Mathematical Modeling of Crime
The mathematical model that I have developed in-house along with my team exploits specific behaviors that are markedly inherent to crime-incident data. These behaviors include near-repeat victimization, long-term patterns, transient/short-lived patterns and interactions within crime-incident data that our model understands while separating signal from the noise thereby raising the statistical confidence levels around our predictions. These dynamic sets of crime-specific behaviors are measured through our model while not just separating one characteristic from another but also while accounting for the dependencies between them to mathematically understand the inherent predictive characteristics of the patterns of crime. We also were cognizant of some inconsistencies that crop up through the use of some of the existing academic literature around similar problems, and improve upon these as well within our patent pending system.
Focus on Models that Learn
The automated learning component of our model is another important aspect that brings in generalizability to our predictive engine where it guarantees a level of robustness, over new unseen data, when the models are deployed in reality. The scientific field of building various domain specific models that also have the ability to learn from data is an integral part of this field called statistical machine learning.
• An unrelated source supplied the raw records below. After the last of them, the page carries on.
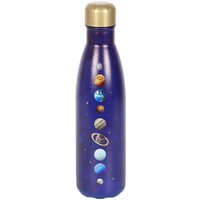 Something Different Solar System Metal Water Bottle in Blue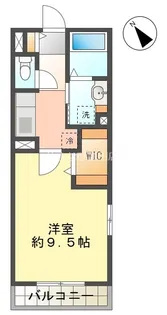 イーストパラシオン【201号室】の間取り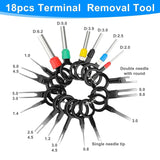 420PCS Car Electrical Connector Pins Wire Terminal Kit, 1/1.5/1.8/2.2/2.8/3.5mm Plug Male Female Crimp Pins Removal Tool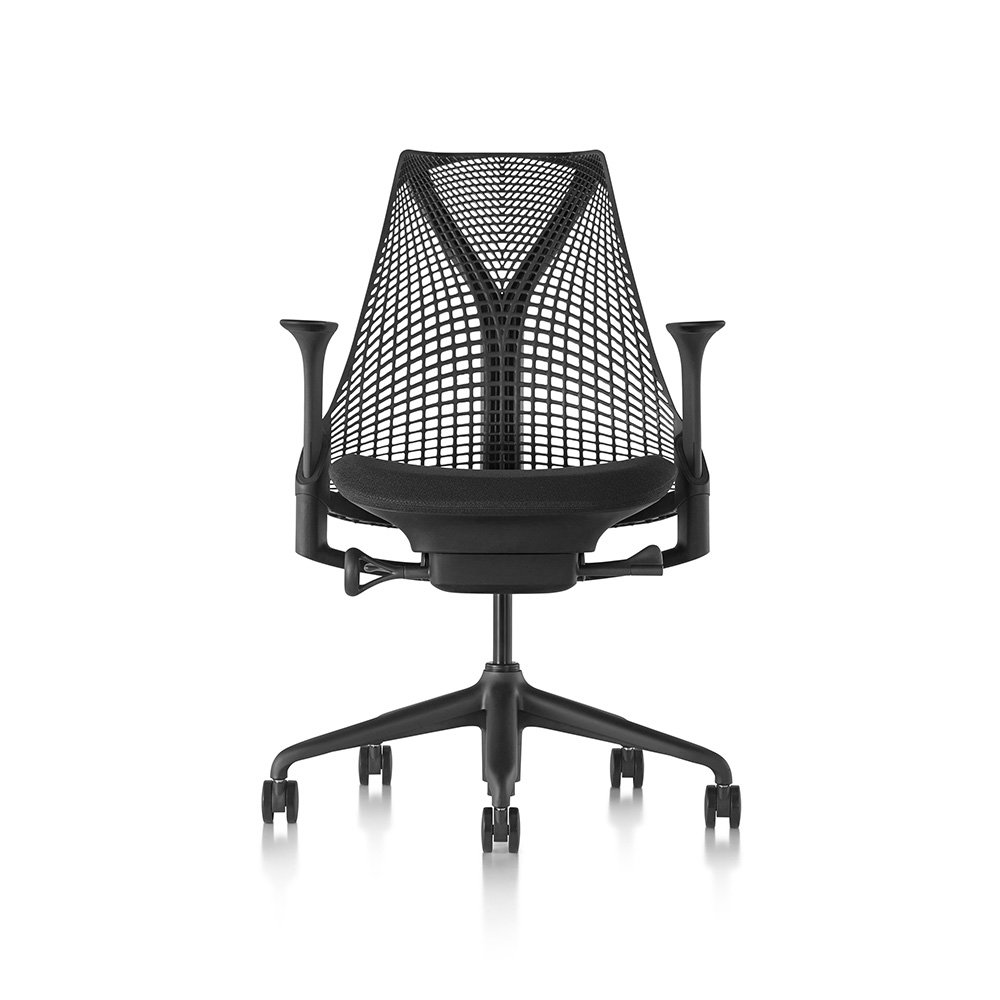 SAYL Chair Black カーペット用キャスター 機能制限モデル / Herman Miller（ハーマンミラー） / 高機能チェア / HER90021_dt_01.jpg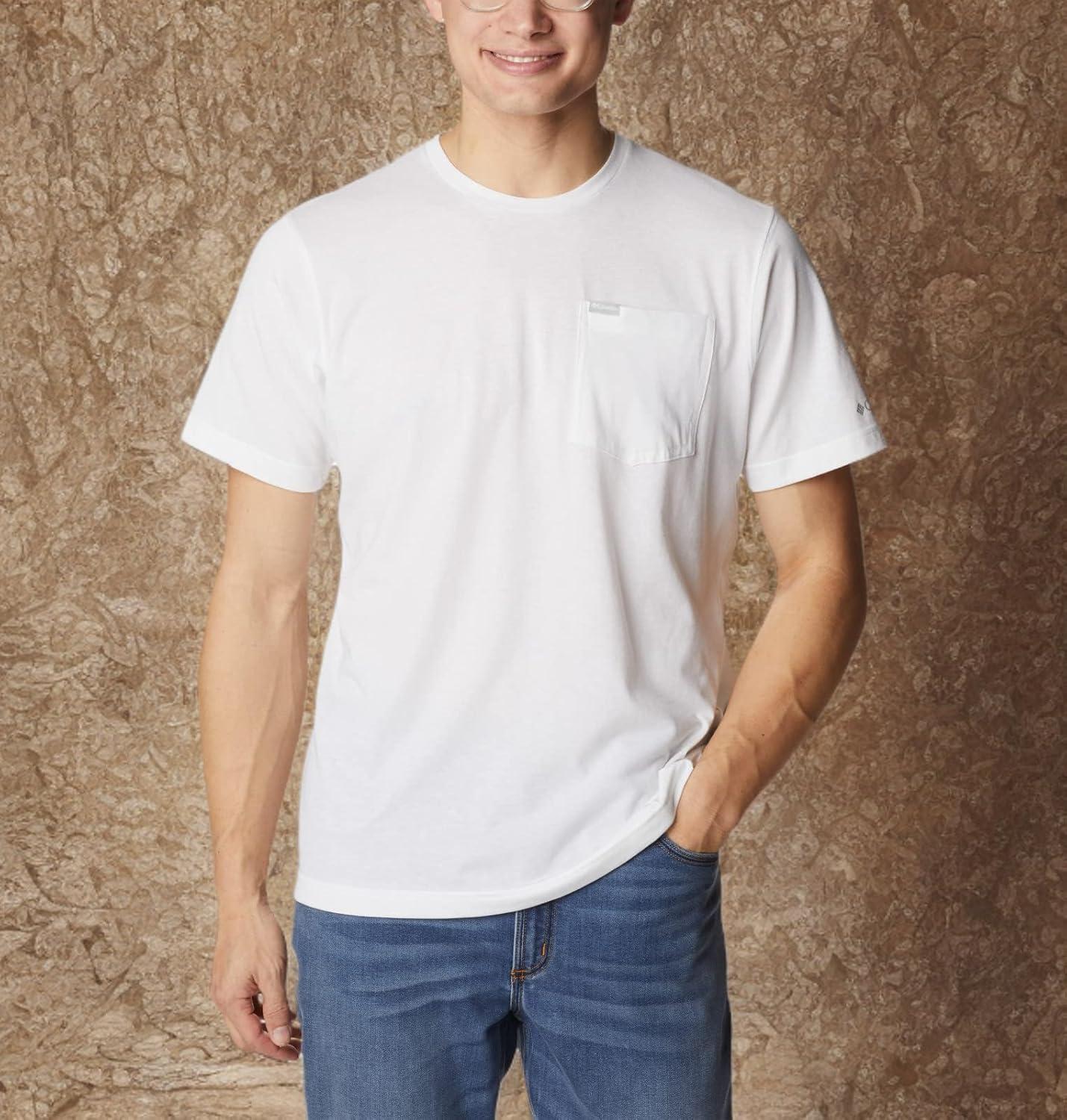 imageColumbia Mens Thistletown Hills Pocket TeeWhite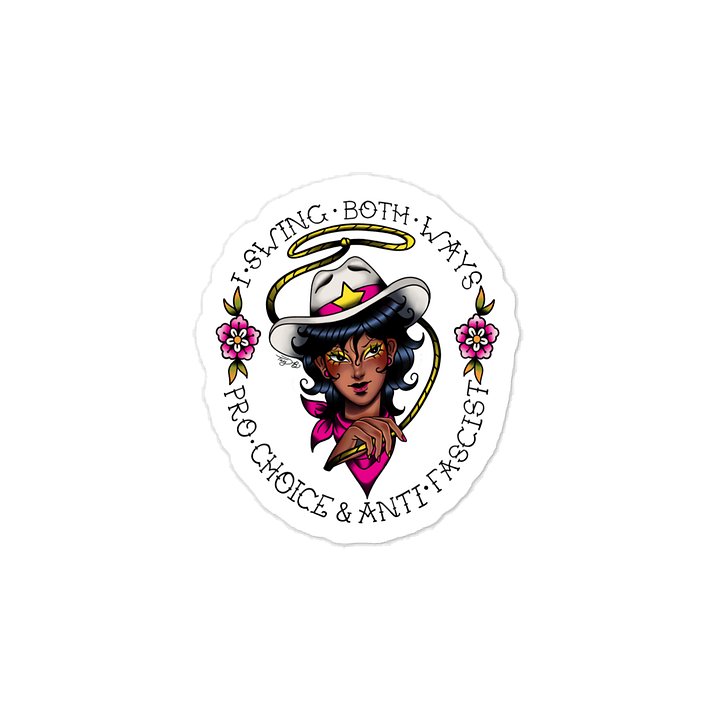 I Swing Both Ways Sticker product image (1)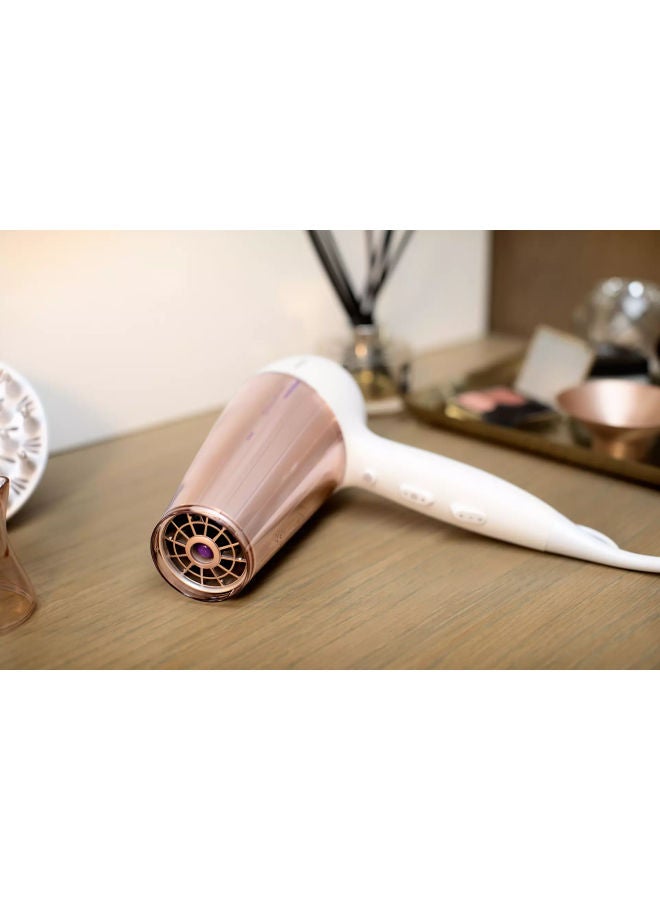 Moisture Protect Hair Dryer with Ionic Care, 2300W, White/Rose Gold - v1687343710/N11076527A_9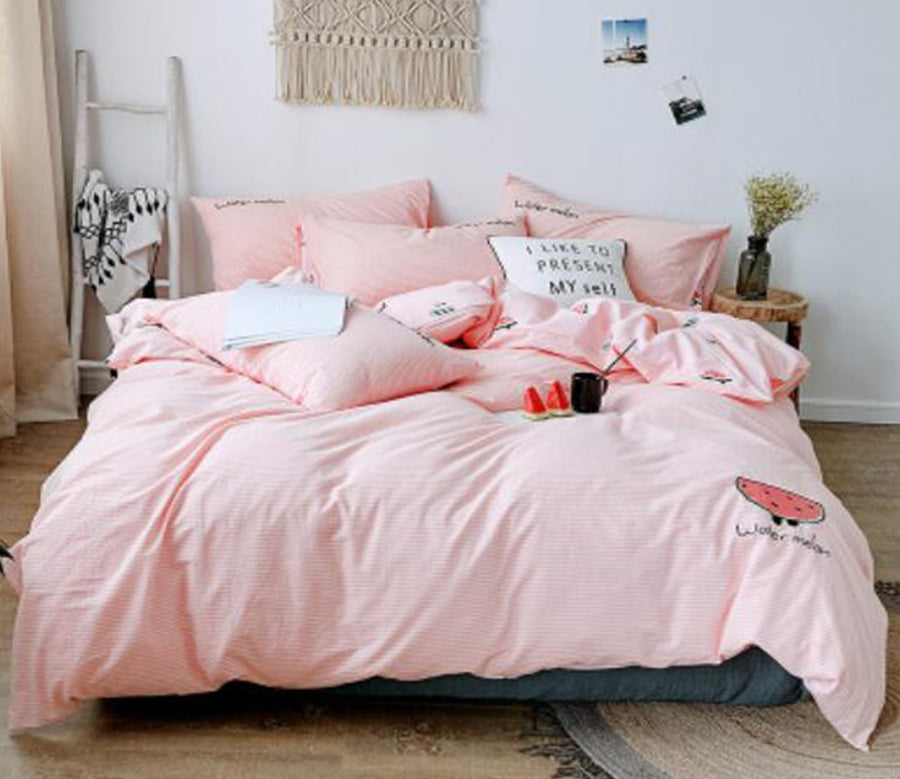3D Pink Watermelon 20272 Bed Pillowcases Quilt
This area began to gain early momentum, when scientists began to build mathematical models that mimic neural networks within the human brain, starting from late 1940’s. An early learning-system breakthrough occurred when scientists in the late 1980’s were able to develop handwriting recognition systems. The field grew leaps and bounds from there on, thereby adding analytical intelligence to various use cases. Today’s E-mail Spam Classification Systems, Voice Recognition Systems, Computer Vision Systems, Facial Recognition Systems, Document Classification Systems are just a few examples of the successes of machine learning. The main reason to focus on a learning component is because in reality, a model that works great over the data that you use to build and train the model on, wouldn’t always be replicable in new instances of these datasets when deployed in real-life scenarios. This happens primarily because the model could learn non-generalizable intricacies within the training dataset, which do not otherwise translate into practical results over future data, that the model would face after deployment. This is the reason; we rigorously train our patent pending crime-specific statistical model, and as well have a learning component comprising of an ensemble of multiple models to keep it robust in real-life deployment. This allows for our model to separate the predictive characteristics of future crimes, down to a high level of tactical/actionable granularity.
Field-testing & Evaluation Metrics
We have rigorously tested our models against the most traditional methodologies like ‘Hotspotting’ which are heat-maps generated using historic crime-incident data. In order to have a scientific evaluation, we quantify the performance of existing Hotspotting methodologies by overlaying a grid over the hotspots and measuring the success rate of our predictions in comparison to the hotspot. The number of days required for an evaluation ranges somewhere between a minimum of 80-120 days based on the dataset in order to reach a statistically significant comparison. We conclusively observe, that our patent pending model performs about 2.7 times better than the widely used hotspot.
Positive Impact of Actionable Patrol
This level of focused tactical information would help reinforce ‘directed, actionable patrol plans’ and increase ‘resource-efficiency’ so that agencies can use it in their law enforcement efforts to positively impact their communities through predictive policing. This technology unlocks tactical intelligence from your RMS and closes the analyst/officer gap by efficiently improving operational decision-making. From the perspective of the tech-industry as well, this is absolutely inline with our goal of continuing to reinforce officers with technology that provides tactical and directly actionable information in order to assist them in continuing to do their best.